Reflections of a First-Year Catholic School Teacher
Syndicated from . on February 7th, 2013
I remember the exact day I heard the calling from God to become a Catholic school teacher. It was February 15, 2012, and I had finally reached the end of my rope with my current public school. I cried the whole way to work that day, and then proceeded to cry to my best friend at the school until the first bell rang. I wasn’t happy there anymore. I needed a change. Something huge was missing from my work-life. That something was God. I applied that very week to Saint Andrew Catholic School in Fort Worth.
I remember the exact feeling I got the first time I stepped foot into the church with the 650 students that attend SAS. I was visiting the school to see if it was a good “fit” and if I should follow through with the interview process.
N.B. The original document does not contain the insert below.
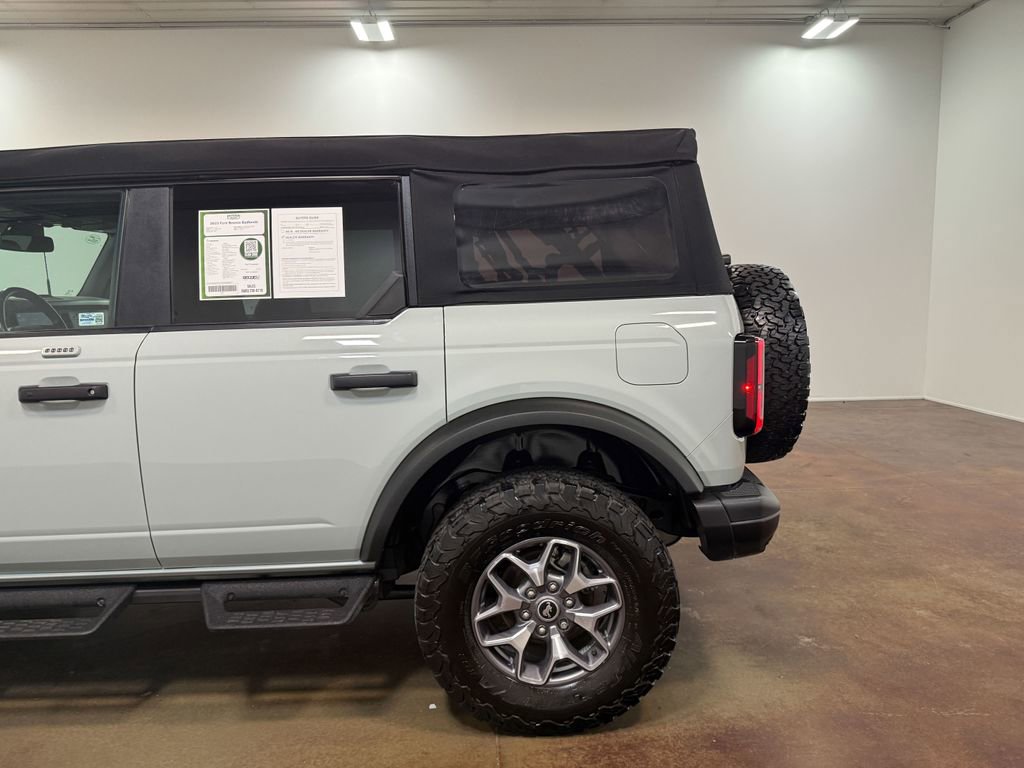 Used 2023 Ford Bronco Badlands image 36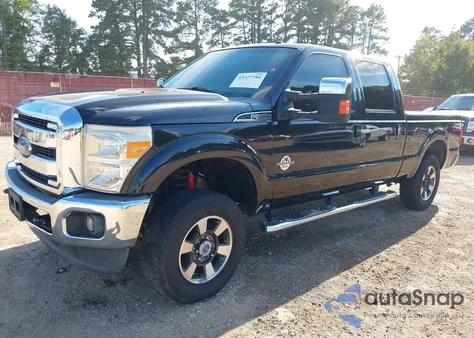 2014 Ford F-250 Lariat z USA, uszkodzony, nr VIN 1FT7W2BT3EEA65628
I was overwhelmed with peace and love. It was as though God was right there with me saying, “Lauren, thisis where you are supposed to be!” I cried again, but this time tears of joy! I had found my work-home! I followed through with the interview and got the job!!!
I remember the exact feeling I got the first day of school. It was August 13, 2012, and I was nervous, a little scared, but filled with joy to be teaching 6th grade at Saint Andrew Catholic School. How amazing to be able to start every morning with Bible verses and prayers! How amazing to be able to teach a Religion class everyday and study the Bible with God-loving, beautiful children! How amazing to finally have found my calling!
Teaching at a Catholic school has been one of the best decisions my husband and I have made for me in my faith walk in a long time. I come to school everyday ready to worship. I am able to discuss the Bible and my prayer life with my students. For the first time in my adult life, I actually look forward to going to work everyday. I look forward to creating lessons that revolve around Christ and His teachings. I love listening to the children talk about their knowledge of God and all the plans He has for them. I feel so blessed and humbled to be a part of their faith walk.
Recently I was thinking about the role of a parent in his/her child’s life. As a parent, our number one goal is to get our children to Heaven. Every day, 70 students come in and out of my classroom. For the short time they have with me, my goal is to teach them what they need to become successful adults in society, in their jobs, and most importantly, in their churches and homes. For eight hours a day, I have the goal of getting these 70 students to Heaven, and quite honestly, I can’t think of a better job than that!
For years I didn’t listen to what God wanted for my life. I continued to work in a job where I was dragged down, unchallenged, and unhappy. I am so glad that I finally stopped to listen to His calling for me. I now know that I am supposed to work with children in a setting that allows me to talk about God, pray, and read the Bible with my students. God called me….and I am so glad that I was able to say yes!